Deployment profiles
This section describes the options available for the operator setup.
StarterPak
This basic setup that does not require any specific configuration. It is only intended for nonproduction environments.
CRD
See Basic setup section for more details.
Node resources
Software | Memory (GB) | CPU (cores) | Disk (GB) | Nodes |
---|---|---|---|---|
IBM Process Mining | 64 | 16 | 100 | 1 |
IBM Task Mining | 16 | 4 | 100 | 1 |
Total | 80 | 20 | 200 | 2 |
Production Setup
This is the suggested configuration for a production installation.
CRD
See Production setup section](crd.md) for more details.
Node Resources
Listed below are three sizing configurations for processing event logs with an increasing number of events. In addition to data volumes and data complexity, another factor that can impact the right sizing of the system is the number of concurrent users active on the application; it’s not so important how many users are working, but what they are doing concurrently.
The most important information that is required to set up a production environment are as follows:
-
- Number of projects to be managed by the application and their classification, i.e.:
- Flat (only one business entity involved)
- Multi-level (from 2 to 5 business entities involved - ex: P2P, O2C) - and the number of mapped entities.
Note: Knowing the type of process is important because multi-level processes require more complex and resource-consuming algorithms than flat processes.
-
- Number of events per each project listed at point 1, at least by range.:
- Up to 10 M
- From 10 M to 50 M
- Over 50 M
Note:
- A. Knowing the distribution of events per each project instead of the total number of events is important, the same number of events requires much more computing resources for a multi-level process, especially in case of high cardinalities between interleaving business entities (ex: 1:10000 between contracts and invoices).
- B. We do not indicate an upper threshold, but it’s worth noting that we've never managed a production environment hosting multi-level processes with a number of events > 25 M.
It’s worth noting that the quantity of collected events is not a factor in IBM Process Mining, the quality of data is the real important factor.
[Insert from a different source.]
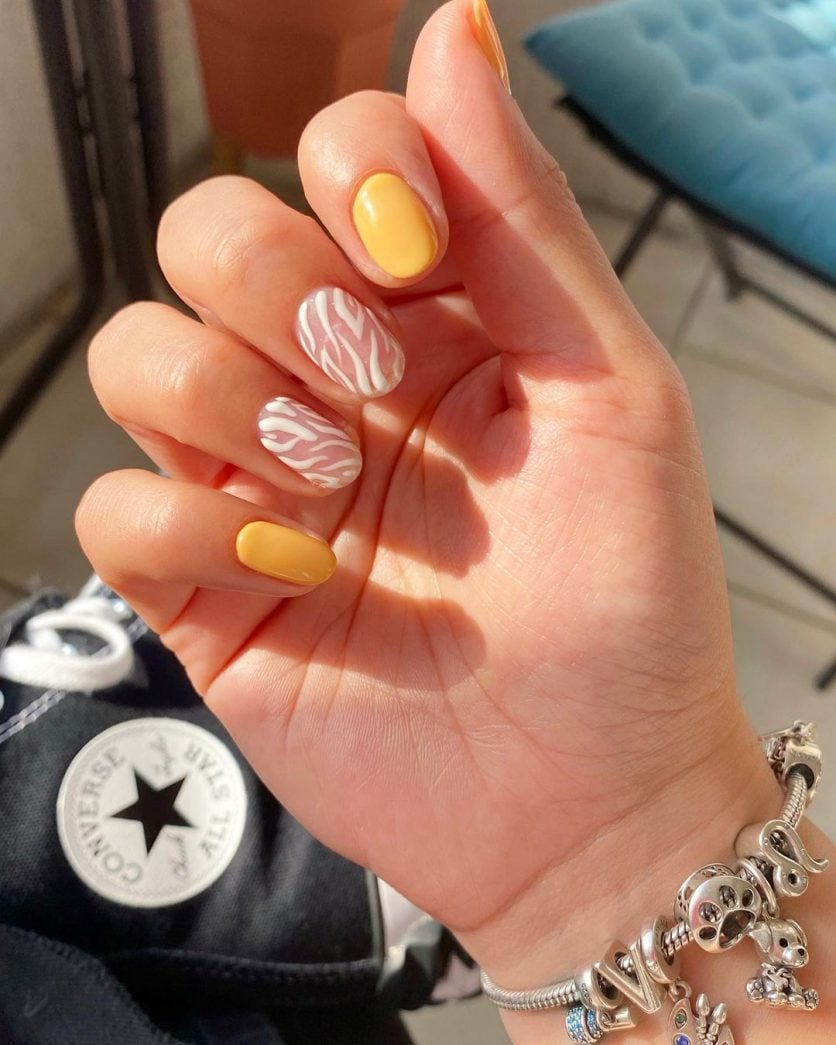 unhas curtas marrom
The number of events must be bare enough to have a complete range of variants and reliable statistics over a relevant time period: the presence of obsolete data relating to past periods can affect the mining and the statistics because they can reflect workflows that are no longer present.
-
- Number of mapped custom fields per project, at least by range:
- up to 20
- from 20 to 50
- from 50 to 80
Note:
- A. No more than 80 custom fields must be used, this is the max threshold we have tested on the product.
- B. Knowing the nr of custom fields is important because they affect the complexity of the processing.
-
- Number of users that get access to the application and the quota of users that will also access Data Analytics.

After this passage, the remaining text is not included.